* What is needed *
The lines from the one with "Pair of Gypsy" through the last line of the material below, copied exactly and free of pictures, make up the whole answer.

* Source material *
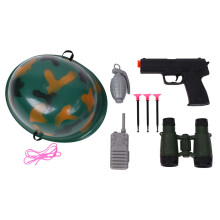 Kids Pretend Play Helmet Camouflage Pattern Encourages Imaginary Play Elastic Chin Strap Durable Material Non Slip Folded Storage Easy To Clean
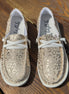 Pair of Gypsy Jazz Kylie Shoes featuring stylish slip-on design, tan canvas with metallic leopard design and lightweight rubber soles,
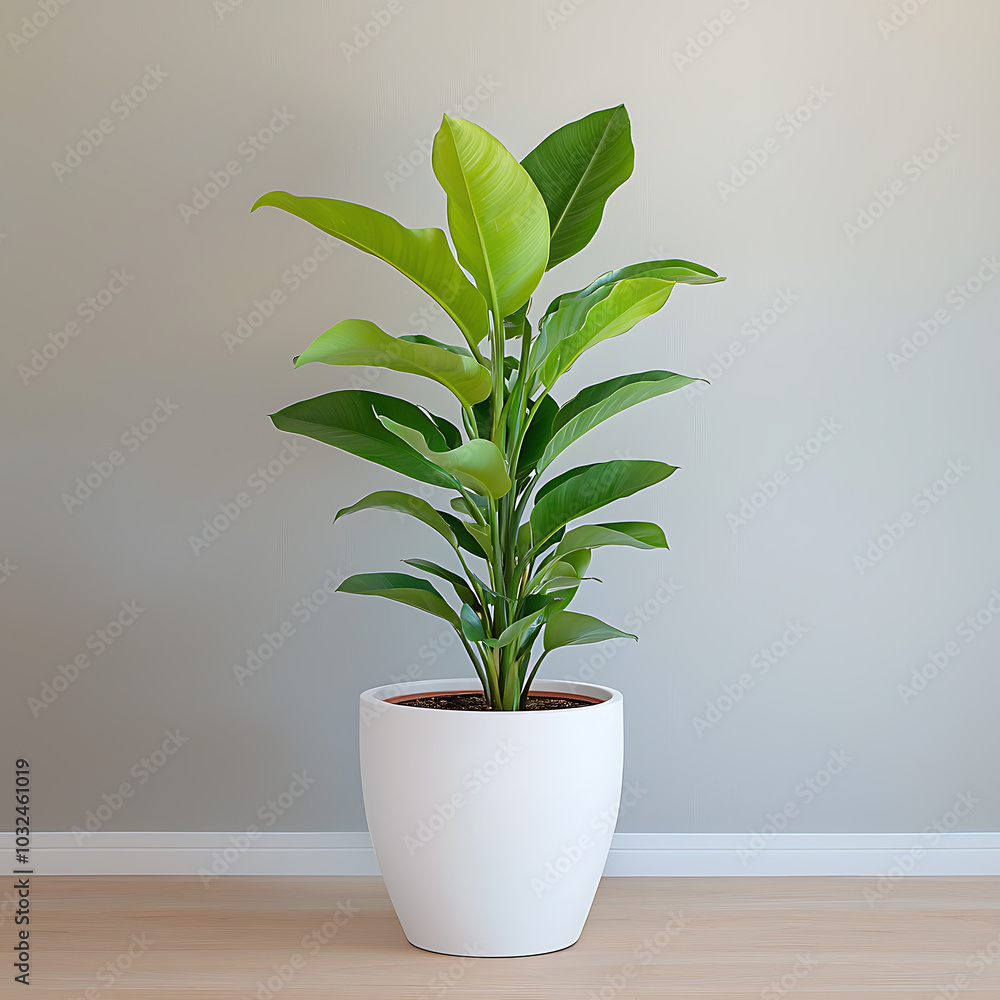 Lush indoor plant in a modern white pot Lush indoor plant in a modern white pot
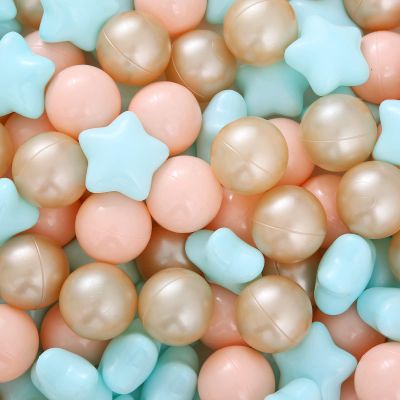 Realhaha Ball Pit Balls 100 PCS, Star Shapes for Babies Kids Playpen Plastic Balls for Babies Ball Pool Puppy Playballs, Orage Pink Green Brown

* Result of this exercise *
 Pair of Gypsy Jazz Kylie Shoes featuring stylish slip-on design, tan canvas with metallic leopard design and lightweight rubber soles,
 Lush indoor plant in a modern white pot Lush indoor plant in a modern white pot
 Realhaha Ball Pit Balls 100 PCS, Star Shapes for Babies Kids Playpen Plastic Balls for Babies Ball Pool Puppy Playballs, Orage Pink Green Brown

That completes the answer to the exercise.